## REQUIRED ACTION
Beginning with the line that contains "影响脸型发育的错颌畸形有哪些", reproduce every line through the end of the records below exactly, and leave the pictures out.

====

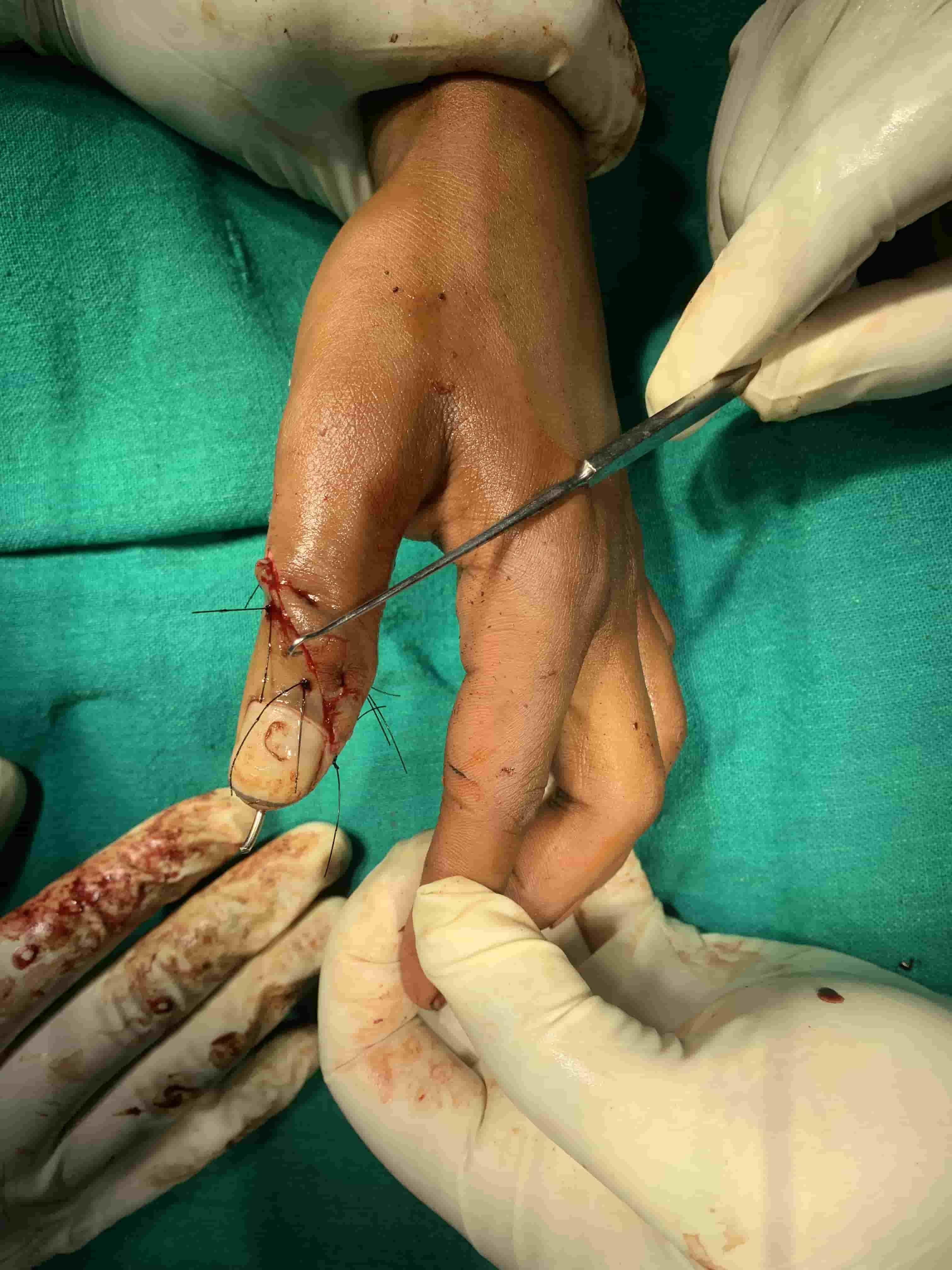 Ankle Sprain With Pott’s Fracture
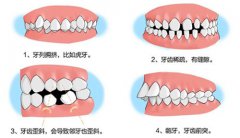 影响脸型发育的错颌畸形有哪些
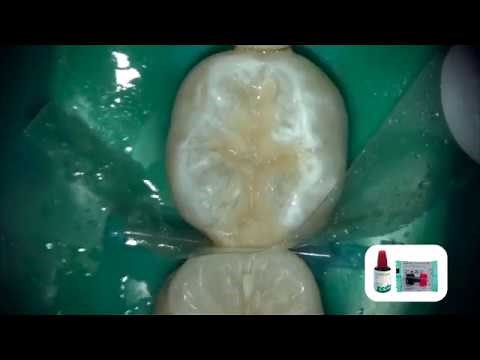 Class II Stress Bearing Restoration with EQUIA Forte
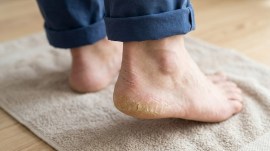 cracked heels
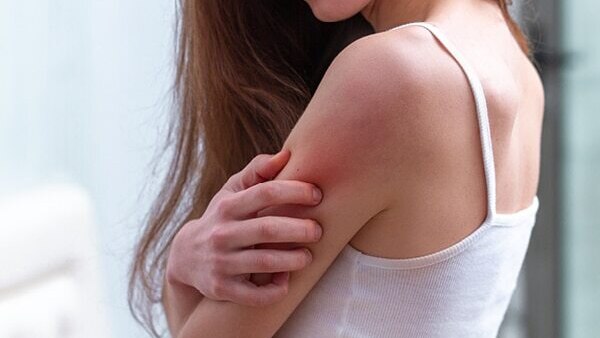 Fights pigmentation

====

## YOUR RESPONSE
 影响脸型发育的错颌畸形有哪些
 Class II Stress Bearing Restoration with EQUIA Forte
 cracked heels
 Fights pigmentation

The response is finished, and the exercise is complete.